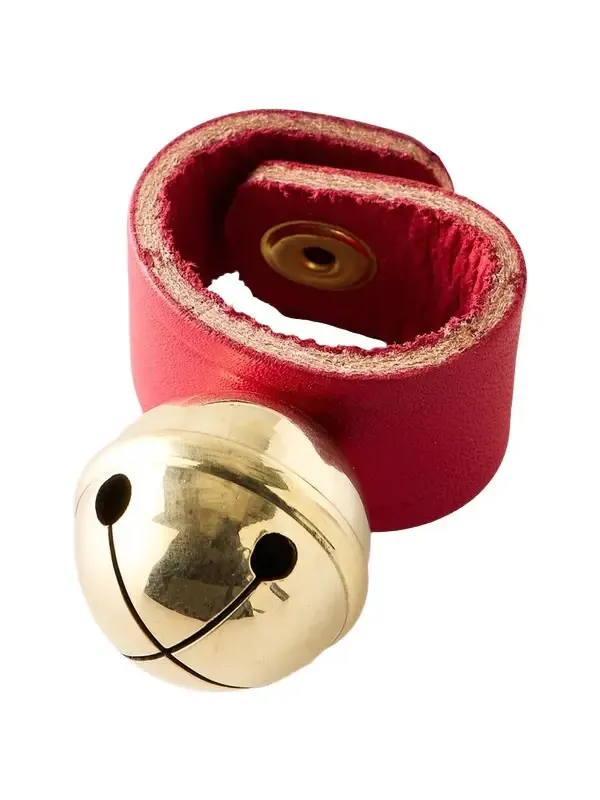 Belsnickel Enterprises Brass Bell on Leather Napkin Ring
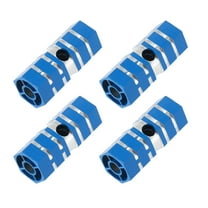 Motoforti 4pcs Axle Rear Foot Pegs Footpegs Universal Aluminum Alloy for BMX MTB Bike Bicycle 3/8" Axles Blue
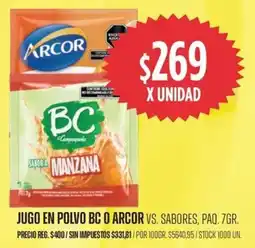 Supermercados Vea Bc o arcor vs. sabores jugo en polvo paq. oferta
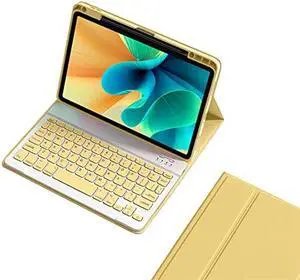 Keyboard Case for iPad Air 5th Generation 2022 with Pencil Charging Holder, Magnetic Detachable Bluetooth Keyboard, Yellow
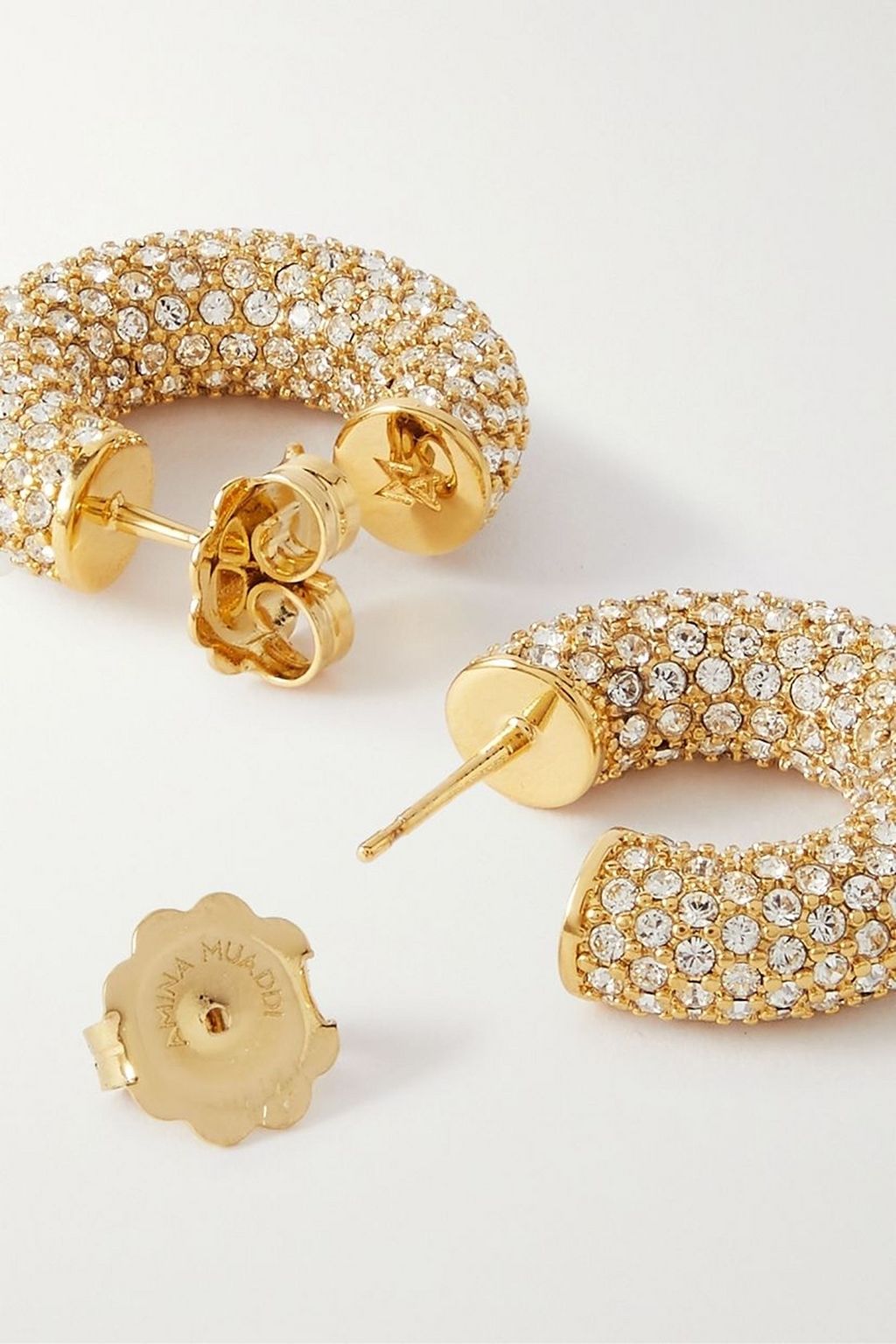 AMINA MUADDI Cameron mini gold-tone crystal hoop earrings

==

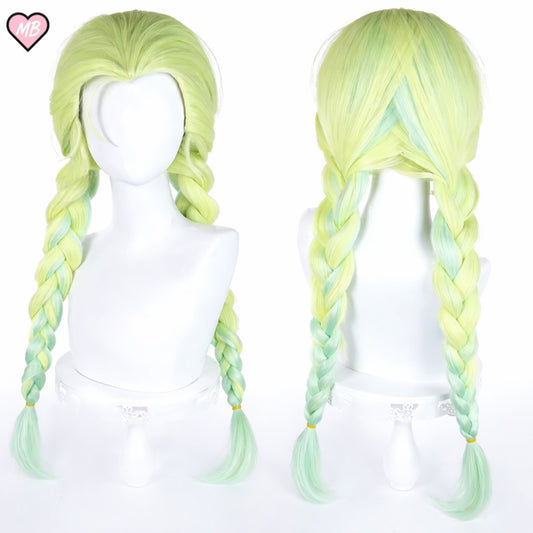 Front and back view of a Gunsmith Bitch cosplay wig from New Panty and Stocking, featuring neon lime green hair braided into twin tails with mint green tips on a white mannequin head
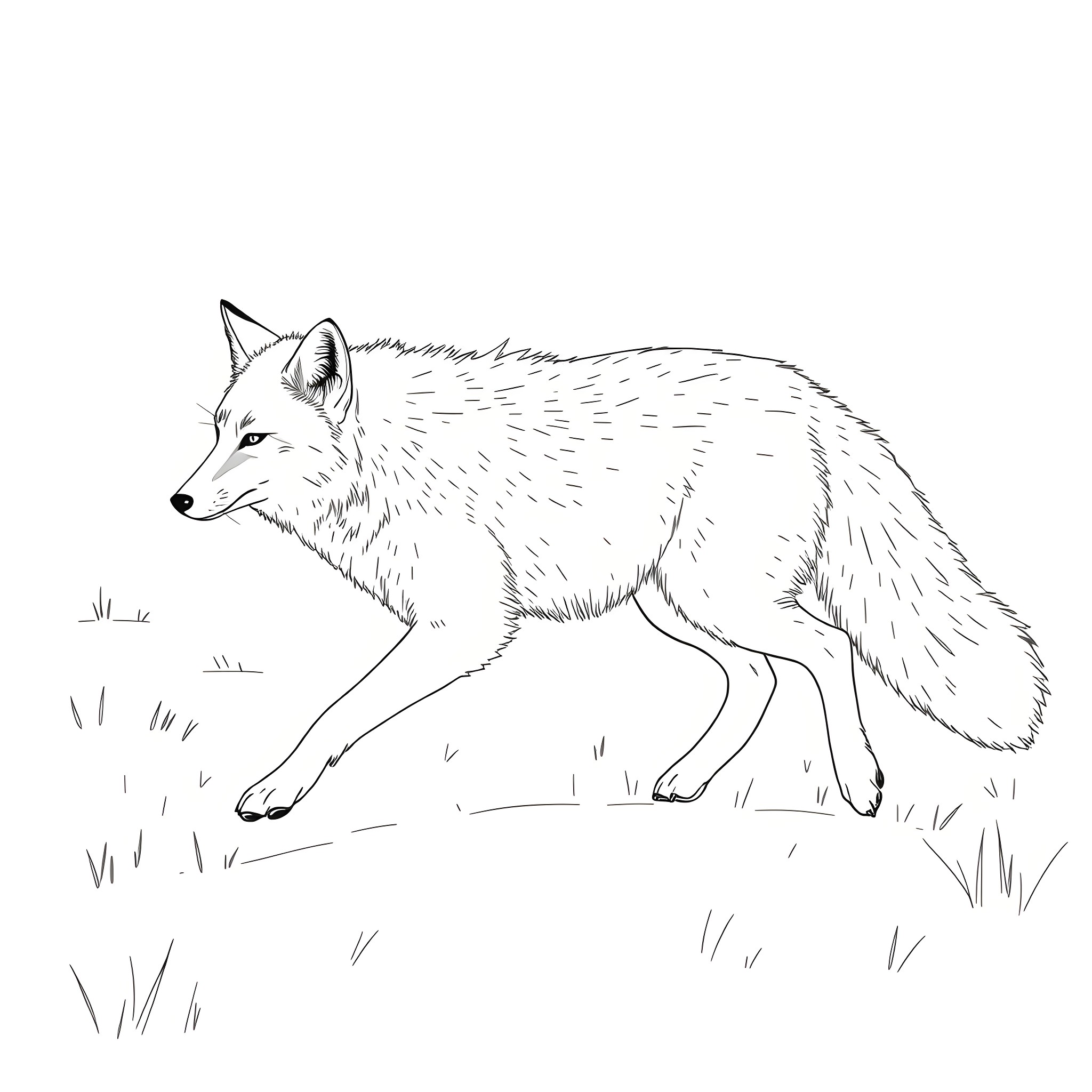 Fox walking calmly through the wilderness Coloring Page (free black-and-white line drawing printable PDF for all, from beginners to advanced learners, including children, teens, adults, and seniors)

> WHAT IS REQUIRED: From the records above, copy exactly the stretch from the line holding "Keyboard Case for" through the line holding "AMINA MUADDI Cameron", both ends included, without the pictures.

> ANSWER TO THE EXERCISE:
 Keyboard Case for iPad Air 5th Generation 2022 with Pencil Charging Holder, Magnetic Detachable Bluetooth Keyboard, Yellow
 AMINA MUADDI Cameron mini gold-tone crystal hoop earrings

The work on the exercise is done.